As shown in Figure 2 (c), heat treatment is performed to create a plating layer 30 in which stress in the internal structure is removed. In this state, the cavity shape corresponding to the lens is specified according to the order.

Once the target shape is determined according to the order, the specified lens shape surface 40 is formed through finishing processing, as shown in FIGS. 2(d) and 3.

According to this method, production can be completed within one day after receiving the order. In the conventional case, which takes 4 to 5 days according to the method shown in Figure 4 (in this method, basic processing of turning, heat treatment processing, and grinding processing are performed), When a custom shape is received with the material prepared, the time required can be dramatically shortened compared to the process (in which offset machining and nickel plating processing according to the custom shape are performed and then lens shape finishing processing is performed). In addition, since plating and heat treatment, which take some time, can be sufficiently performed before finishing processing, plating defects can be reduced accordingly, and as a result, the surface roughness of the processed surface of the plating layer is improved and an excellent lens surface can be obtained.

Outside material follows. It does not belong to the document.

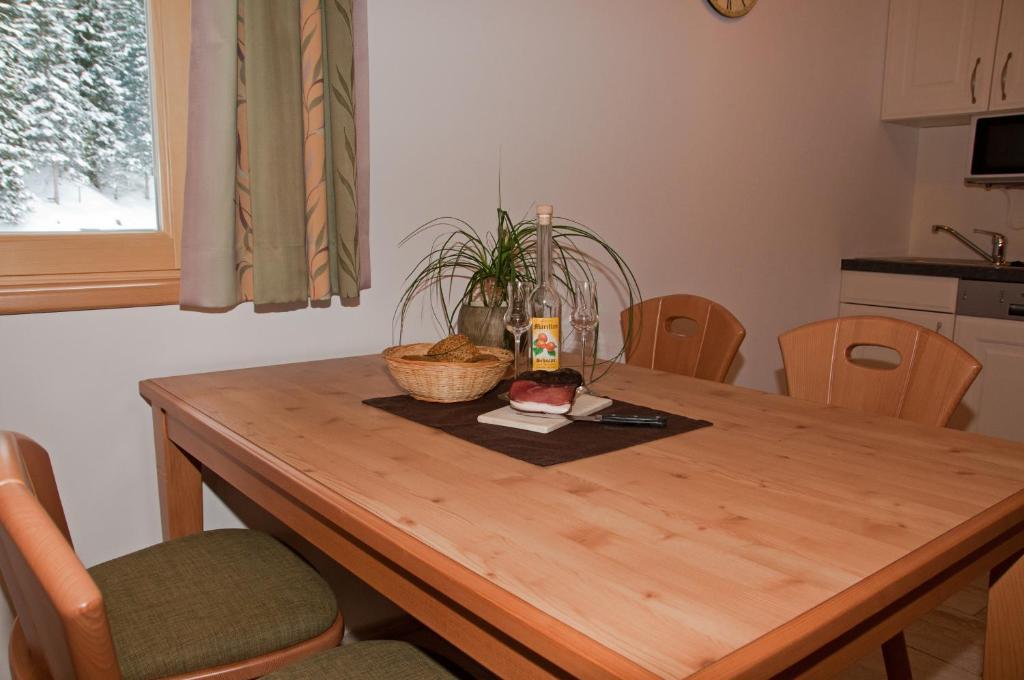 Appartements Schmalzerhof Gries im Sellrain Pokój zdjęcie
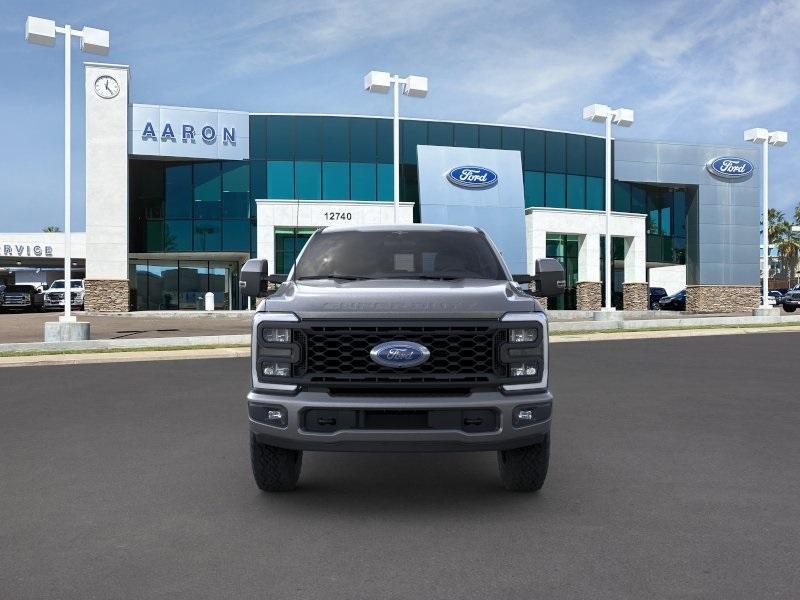 new 2024 Ford F-250 car, priced at $74,083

The method of manufacturing an injection mold for lens molding described above and the mold manufactured thereby are not limited to the configuration and method of the described embodiments. The above embodiments may be configured by selectively combining all or part of each embodiment so that various modifications can be made.

10: Rod material 11: Groove
20: plating layer 21: first plating layer
22: second plating layer 30: heat-treated plating layer
40: Lens shape surface

Claims (10)

Performing basic processing on a rod-shaped material to form it to have a flat upper surface;
performing nickel plating on the material;
Performing heat treatment on the plated material;
Receiving a custom shape to be applied to the plated workpiece; and
A method of manufacturing an injection mold for lens molding, comprising the step of performing lens-shaped finishing processing in the plating layer area according to a custom shape on the plating layer plated on the upper surface of the plated material to form a lens-shaped surface.
According to paragraph 1,
The step of performing basic processing of the rod-shaped material is,
A method of manufacturing an injection mold for lens molding, comprising forming a circumferential groove on a side of an end of the rod-shaped material to increase the bonding force of the plating layer.
According to paragraph 1,
The step of performing nickel plating on the material is,
A method of manufacturing an injection mold for lens molding, wherein electroless electroplating is performed on the material.
delete According to paragraph 1,
A method of manufacturing an injection mold for lens molding, wherein the heat treatment includes at least one of tempering, annealing, and normalizing.
According to paragraph 1,
In the step of performing nickel plating on the material,
A method of manufacturing an injection mold for lens molding, wherein the nickel plating has a thickness of 30 to 700 ㎛.
According to paragraph 1,
In the step of performing nickel plating on the material,
A method of manufacturing an injection mold for lens molding, wherein the area where the plating is performed is the entire body of the material.
According to paragraph 1,
In the step of performing nickel plating on the material,
A method of manufacturing an injection mold for lens molding, wherein the area where the plating is performed is an aspherical area where the lens is molded.
According to paragraph 1,
In the step of performing nickel plating on the material,
A method of manufacturing an injection mold for lens molding, wherein the thickness of the plating layer applied to the end of the material where the shape surface corresponding to the lens is located is thicker than the thickness of the plating layer to be applied to the side of the material.
A mold for forming a lens, manufactured according to any one of claims 1 to 3 and claims 5 to 9.